INSTRUCTIONS TO FOLLOW: Go through the listing below and output exactly the line with "Despertador Digital Silencioso", the line with "Saxophone Pad Protector", and each line between; omit the rest.

SOURCE MATERIAL:

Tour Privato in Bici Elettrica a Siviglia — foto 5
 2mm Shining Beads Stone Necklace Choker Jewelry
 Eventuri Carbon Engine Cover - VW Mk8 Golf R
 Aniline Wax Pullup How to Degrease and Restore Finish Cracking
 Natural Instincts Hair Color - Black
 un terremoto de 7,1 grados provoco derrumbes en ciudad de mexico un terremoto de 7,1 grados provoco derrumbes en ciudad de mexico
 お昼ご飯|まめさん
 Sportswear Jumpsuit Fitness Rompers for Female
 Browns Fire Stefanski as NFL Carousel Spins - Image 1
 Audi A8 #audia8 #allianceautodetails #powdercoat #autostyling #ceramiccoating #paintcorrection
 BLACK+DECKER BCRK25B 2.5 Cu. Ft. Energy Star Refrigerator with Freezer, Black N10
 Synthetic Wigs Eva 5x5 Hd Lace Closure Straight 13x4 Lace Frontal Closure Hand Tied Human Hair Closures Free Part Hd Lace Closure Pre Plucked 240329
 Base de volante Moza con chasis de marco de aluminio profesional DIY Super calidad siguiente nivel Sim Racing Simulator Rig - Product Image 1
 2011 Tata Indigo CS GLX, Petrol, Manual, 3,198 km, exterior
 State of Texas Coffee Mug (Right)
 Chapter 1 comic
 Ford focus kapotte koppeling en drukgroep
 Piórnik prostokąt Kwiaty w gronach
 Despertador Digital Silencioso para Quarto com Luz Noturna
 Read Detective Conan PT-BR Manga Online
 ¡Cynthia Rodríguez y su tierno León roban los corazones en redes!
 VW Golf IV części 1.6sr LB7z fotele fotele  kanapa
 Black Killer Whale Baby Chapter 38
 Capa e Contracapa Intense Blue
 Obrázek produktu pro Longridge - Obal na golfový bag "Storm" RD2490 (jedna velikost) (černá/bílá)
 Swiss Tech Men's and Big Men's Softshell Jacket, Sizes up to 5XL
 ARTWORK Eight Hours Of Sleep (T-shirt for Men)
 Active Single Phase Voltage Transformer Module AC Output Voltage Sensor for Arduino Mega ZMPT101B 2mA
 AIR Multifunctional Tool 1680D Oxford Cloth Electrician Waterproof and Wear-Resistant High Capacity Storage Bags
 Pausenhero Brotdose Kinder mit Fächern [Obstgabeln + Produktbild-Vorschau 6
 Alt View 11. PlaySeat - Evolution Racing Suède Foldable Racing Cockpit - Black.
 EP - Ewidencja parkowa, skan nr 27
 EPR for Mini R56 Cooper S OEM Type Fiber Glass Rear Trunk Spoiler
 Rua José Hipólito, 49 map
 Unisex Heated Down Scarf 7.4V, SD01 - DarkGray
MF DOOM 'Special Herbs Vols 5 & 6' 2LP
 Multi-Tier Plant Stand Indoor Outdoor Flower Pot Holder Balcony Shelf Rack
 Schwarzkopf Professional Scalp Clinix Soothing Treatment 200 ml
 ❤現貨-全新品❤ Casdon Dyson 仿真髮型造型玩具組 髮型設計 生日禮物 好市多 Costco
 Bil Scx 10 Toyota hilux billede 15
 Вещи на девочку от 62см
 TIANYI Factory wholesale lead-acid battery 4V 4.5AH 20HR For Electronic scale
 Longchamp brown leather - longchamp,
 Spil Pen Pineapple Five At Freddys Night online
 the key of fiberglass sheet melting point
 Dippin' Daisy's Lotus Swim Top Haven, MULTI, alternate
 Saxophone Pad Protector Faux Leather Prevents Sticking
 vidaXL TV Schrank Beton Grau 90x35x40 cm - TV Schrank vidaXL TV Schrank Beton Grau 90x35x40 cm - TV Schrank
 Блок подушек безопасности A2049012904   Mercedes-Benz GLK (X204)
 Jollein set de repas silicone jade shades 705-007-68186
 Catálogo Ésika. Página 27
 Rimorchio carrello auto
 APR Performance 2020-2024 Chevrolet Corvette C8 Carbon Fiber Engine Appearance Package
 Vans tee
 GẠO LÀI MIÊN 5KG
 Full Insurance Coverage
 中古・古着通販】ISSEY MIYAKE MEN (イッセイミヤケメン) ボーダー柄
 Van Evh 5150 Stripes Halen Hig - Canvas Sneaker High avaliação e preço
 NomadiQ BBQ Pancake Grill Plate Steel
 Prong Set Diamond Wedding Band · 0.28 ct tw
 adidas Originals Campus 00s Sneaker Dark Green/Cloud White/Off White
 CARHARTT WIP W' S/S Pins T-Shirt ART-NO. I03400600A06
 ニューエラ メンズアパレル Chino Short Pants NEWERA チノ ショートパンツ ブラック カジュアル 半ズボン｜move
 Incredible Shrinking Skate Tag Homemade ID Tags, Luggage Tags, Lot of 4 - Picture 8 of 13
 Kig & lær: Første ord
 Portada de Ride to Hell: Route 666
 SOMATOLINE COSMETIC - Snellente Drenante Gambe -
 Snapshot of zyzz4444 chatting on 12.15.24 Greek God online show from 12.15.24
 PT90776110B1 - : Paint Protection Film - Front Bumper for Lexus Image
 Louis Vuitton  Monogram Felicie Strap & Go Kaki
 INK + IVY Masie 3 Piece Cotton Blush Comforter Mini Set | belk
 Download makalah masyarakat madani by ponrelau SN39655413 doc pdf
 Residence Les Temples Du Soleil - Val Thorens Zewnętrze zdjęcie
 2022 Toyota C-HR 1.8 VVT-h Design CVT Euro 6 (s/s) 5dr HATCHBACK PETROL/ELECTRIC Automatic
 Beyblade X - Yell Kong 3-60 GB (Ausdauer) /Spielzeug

PROBLEM SOLUTION:
 Despertador Digital Silencioso para Quarto com Luz Noturna
 Read Detective Conan PT-BR Manga Online
 ¡Cynthia Rodríguez y su tierno León roban los corazones en redes!
 VW Golf IV części 1.6sr LB7z fotele fotele  kanapa
 Black Killer Whale Baby Chapter 38
 Capa e Contracapa Intense Blue
 Obrázek produktu pro Longridge - Obal na golfový bag "Storm" RD2490 (jedna velikost) (černá/bílá)
 Swiss Tech Men's and Big Men's Softshell Jacket, Sizes up to 5XL
 ARTWORK Eight Hours Of Sleep (T-shirt for Men)
 Active Single Phase Voltage Transformer Module AC Output Voltage Sensor for Arduino Mega ZMPT101B 2mA
 AIR Multifunctional Tool 1680D Oxford Cloth Electrician Waterproof and Wear-Resistant High Capacity Storage Bags
 Pausenhero Brotdose Kinder mit Fächern [Obstgabeln + Produktbild-Vorschau 6
 Alt View 11. PlaySeat - Evolution Racing Suède Foldable Racing Cockpit - Black.
 EP - Ewidencja parkowa, skan nr 27
 EPR for Mini R56 Cooper S OEM Type Fiber Glass Rear Trunk Spoiler
 Rua José Hipólito, 49 map
 Unisex Heated Down Scarf 7.4V, SD01 - DarkGray
MF DOOM 'Special Herbs Vols 5 & 6' 2LP
 Multi-Tier Plant Stand Indoor Outdoor Flower Pot Holder Balcony Shelf Rack
 Schwarzkopf Professional Scalp Clinix Soothing Treatment 200 ml
 ❤現貨-全新品❤ Casdon Dyson 仿真髮型造型玩具組 髮型設計 生日禮物 好市多 Costco
 Bil Scx 10 Toyota hilux billede 15
 Вещи на девочку от 62см
 TIANYI Factory wholesale lead-acid battery 4V 4.5AH 20HR For Electronic scale
 Longchamp brown leather - longchamp,
 Spil Pen Pineapple Five At Freddys Night online
 the key of fiberglass sheet melting point
 Dippin' Daisy's Lotus Swim Top Haven, MULTI, alternate
 Saxophone Pad Protector Faux Leather Prevents Sticking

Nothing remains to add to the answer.